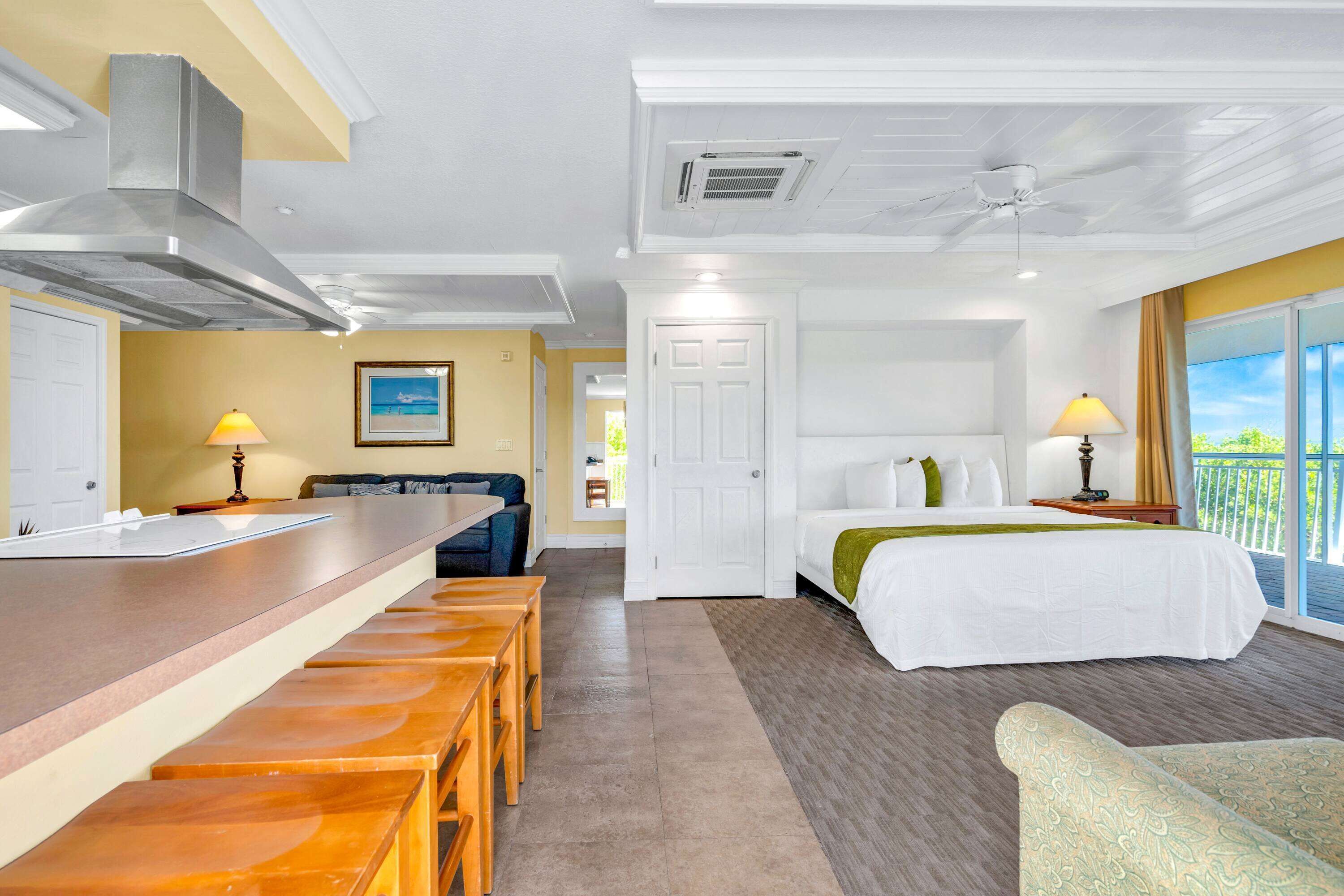 A hotel room with a kitchenette, a bed with a green throw, a balcony with a view, and a dining area with wooden stools.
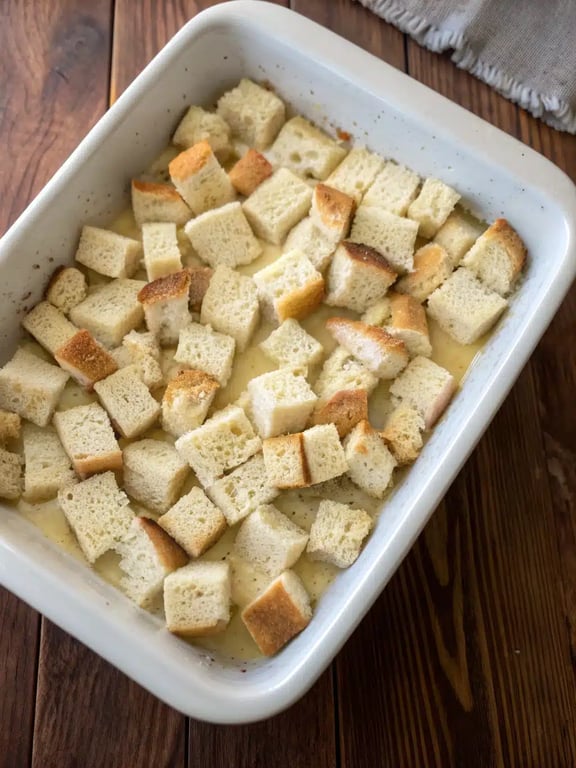 Step 2 for baked french toast casserole — process in progress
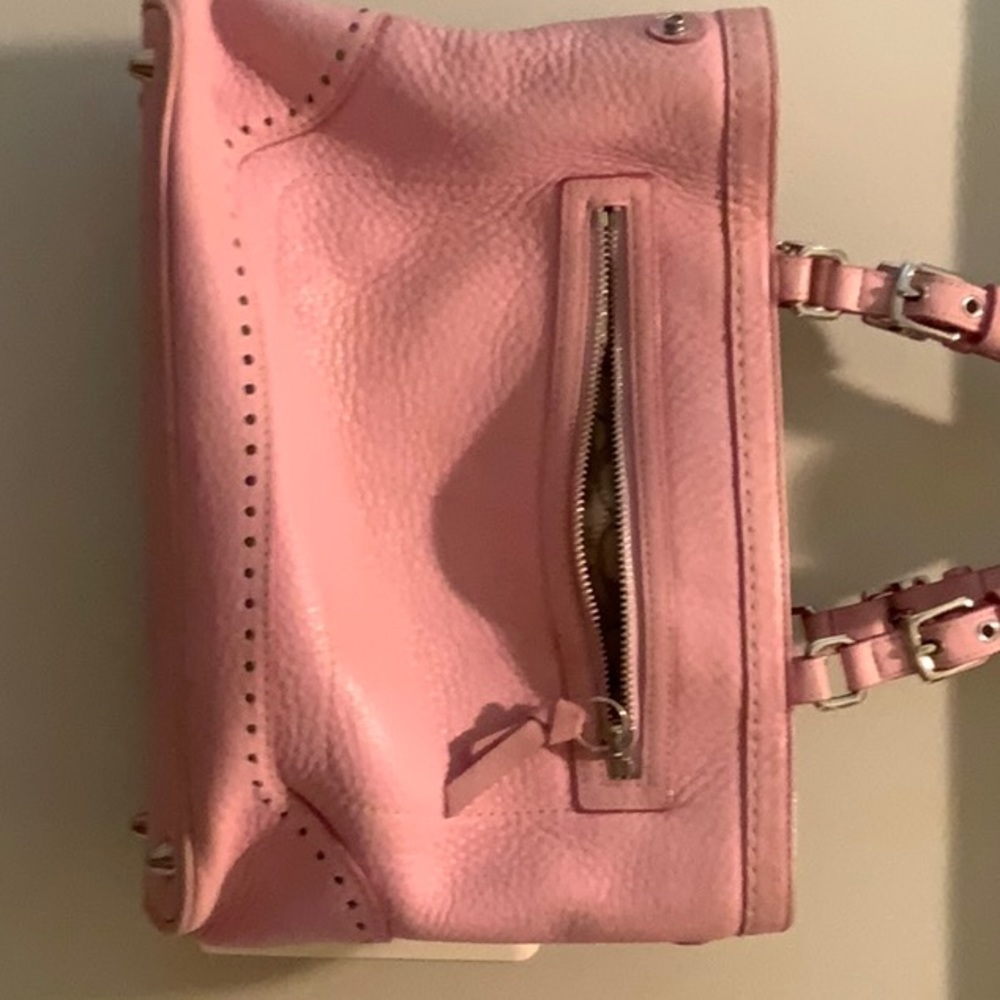 SOLD!
Pink vintage coach love these pockets for your cell phone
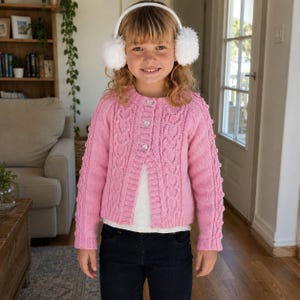 May include: A bright pink cable-knit cardigan featuring a round neckline, long sleeves, and three heart-shaped buttons down the front. The sweater is worn over a plain white shirt and paired with dark blue jeans, complemented by white earmuffs.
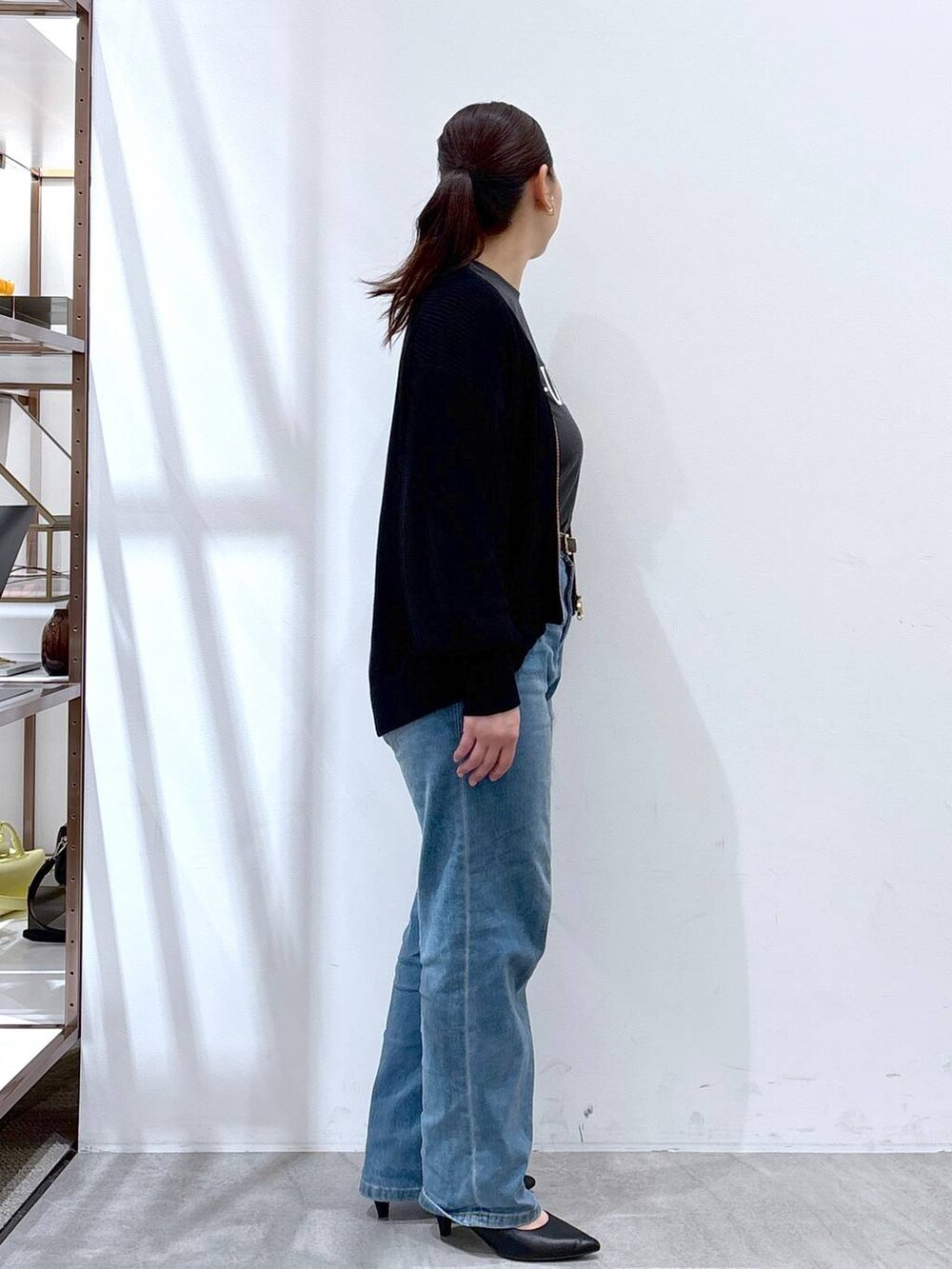 ブルー系のデニムパンツ、ブラック系のカーディガン/ボレロ、グレー系のTシャツ/カットソーを着用したレディースの春コーディネートの5枚目の写真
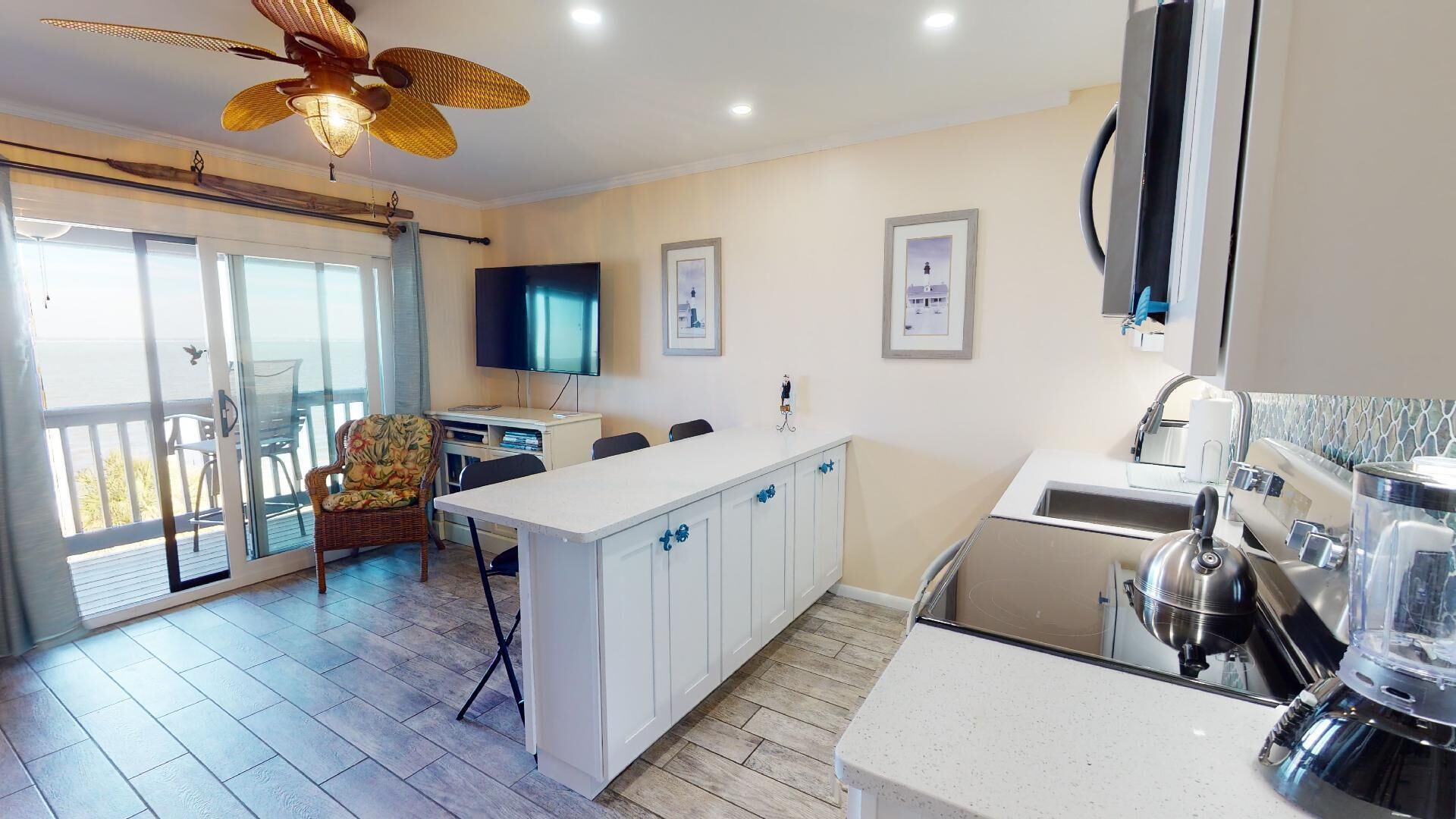 A modern kitchen with a central island, a dining area with a chair, a TV, and a balcony with a view.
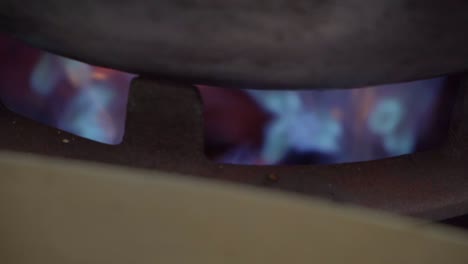 Commercial-kitchen,-giant-wok-flames-cooking-in-slow-motion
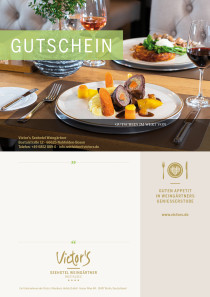 Auf einem Restauranttisch stehen zwei Teller mit appetitlich angerichteten Speisen. Daneben jeweils ein Glas mit Wein.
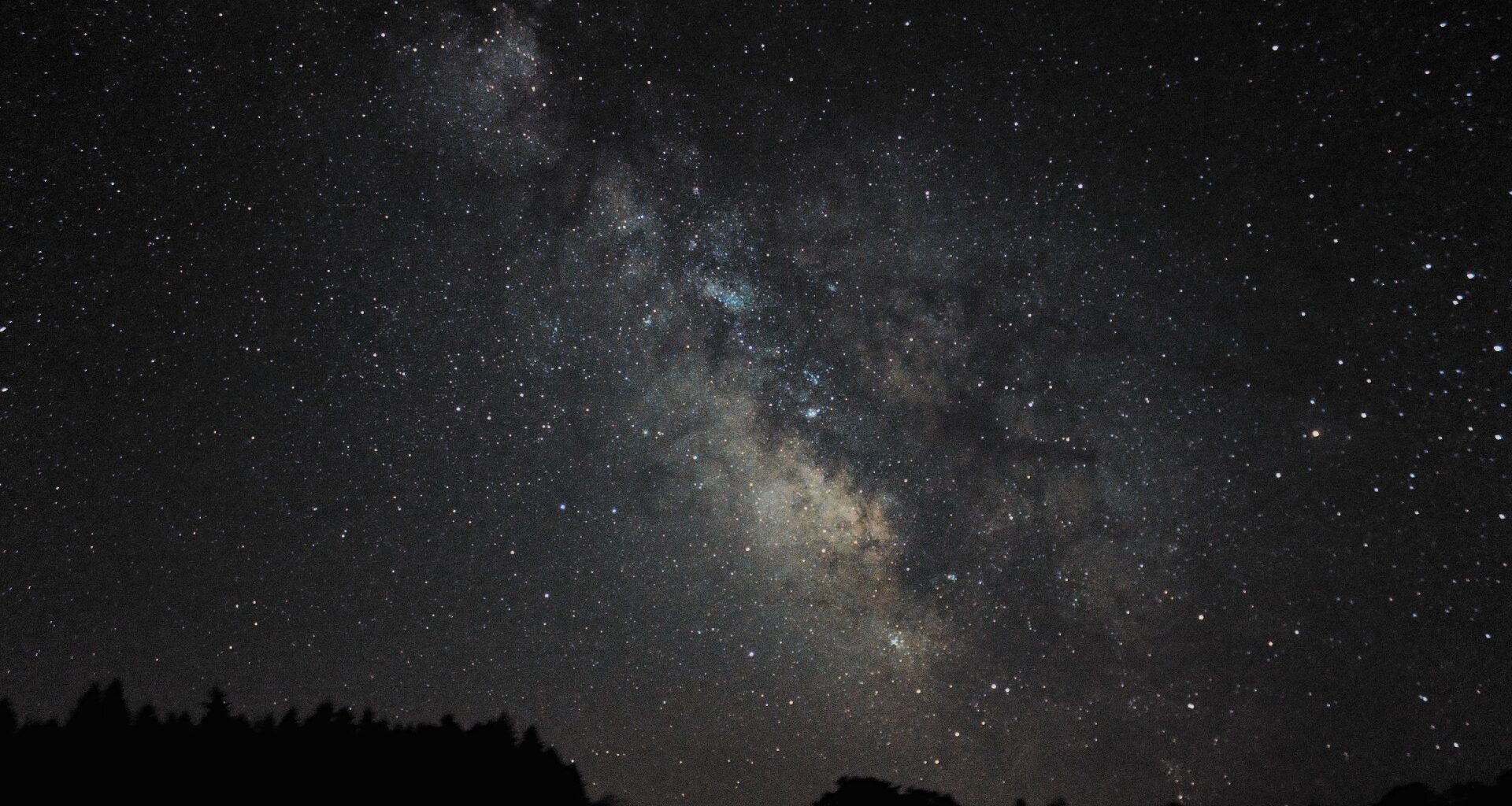a wisp of white light crosses the night sky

- _Exercise prompt_
Copy every record verbatim while leaving each picture out.

- _Response below_
 A hotel room with a kitchenette, a bed with a green throw, a balcony with a view, and a dining area with wooden stools.
 Step 2 for baked french toast casserole — process in progress
 SOLD!
Pink vintage coach love these pockets for your cell phone
 May include: A bright pink cable-knit cardigan featuring a round neckline, long sleeves, and three heart-shaped buttons down the front. The sweater is worn over a plain white shirt and paired with dark blue jeans, complemented by white earmuffs.
 ブルー系のデニムパンツ、ブラック系のカーディガン/ボレロ、グレー系のTシャツ/カットソーを着用したレディースの春コーディネートの5枚目の写真
 A modern kitchen with a central island, a dining area with a chair, a TV, and a balcony with a view.
 Commercial-kitchen,-giant-wok-flames-cooking-in-slow-motion
 Auf einem Restauranttisch stehen zwei Teller mit appetitlich angerichteten Speisen. Daneben jeweils ein Glas mit Wein.
a wisp of white light crosses the night sky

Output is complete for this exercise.